The vitrification method of freezing and storing embryos is safe, but the length of time embryos are kept in storage may affect their chances of resulting in a pregnancy and successful birth. 

Researchers based in the Department of Assisted Reproduction at Shanghai Ninth People's Hospital, China, looked at the outcomes of over 24,000 women who had vitrified embryos transferred. They found that although longer storage was associated with decreased pregnancy and live birth rates, it did not affect the health of newborns.

'This is reassuring news for couples seeking fertility treatment', since 'the reduction in live birth rates can be overcome through additional embryo transfer cycles', noted co-author Professor Qifeng Lyu.  

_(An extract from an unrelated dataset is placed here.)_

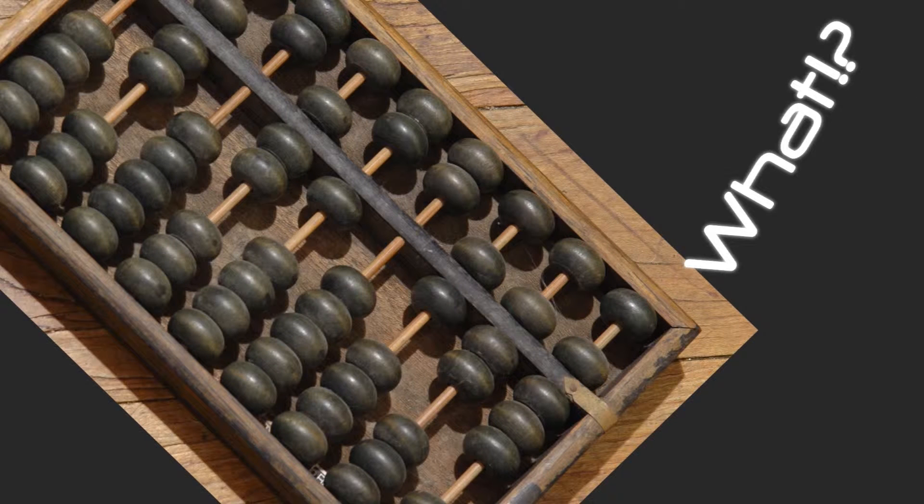The computing devices that you use every day have their roots in some very old things — some of them things you might not expect. Long before computers came around, people still needed to compute. An abacus was a simple and effective way to work with large numbers easily.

The study, published in Human Reproduction, divided women into four groups based on their length of embryo storage time. They found that implantation rate fell from 40 percent to 26 percent, and that clinical pregnancy dropped from 56 percent to 26 percent when comparing embryos stored for up to three months with those kept for between 12 and 24 months. Based on their findings, they suggest that clinicians should consider the effects of storage duration before deciding how many embryos to freeze and store.

'Fertility patients who have embryos in storage should not panic', said Sarah Norcross, director of fertility and genomics charity the Progress Educational Trust. 'The data is retrospective, from a single centre and only covers a short period of time. It is unlikely that the length of storage of embryos is the only factor at play', she said, stressing that this research is not conclusive.

Fertility scientists are also apprehensive about the results, which, according to Dr Bassel Wattar, clinical lecturer in women's health at the University of Warwick – who was not involved in the research – are 'prone to selection bias'. For example, women who stored their embryos longer also tended to be older and have a poorer prognosis, which could alternatively explain the lower pregnancy and birth rates of these groups. 

The researchers attempted to correct for these differences and reported similar findings even when they analysed in a subset of women under 36, whose infertility was caused by blocked or damaged fallopian tubes. Dr Qianqian Zhu, lead author on the study, claimed that this 'supports our main results about the relationship between the duration of storage with pregnancy and neonatal outcomes'. 

However, Ying Cheong, professor of reproductive medicine at the University of Southampton, who was not involved in the study, pointed out that the data is not relevant to the freezing of 'blastocyst-stage embryos, which most IVF centres use'. In addition, the study did not examine effects beyond 24 months.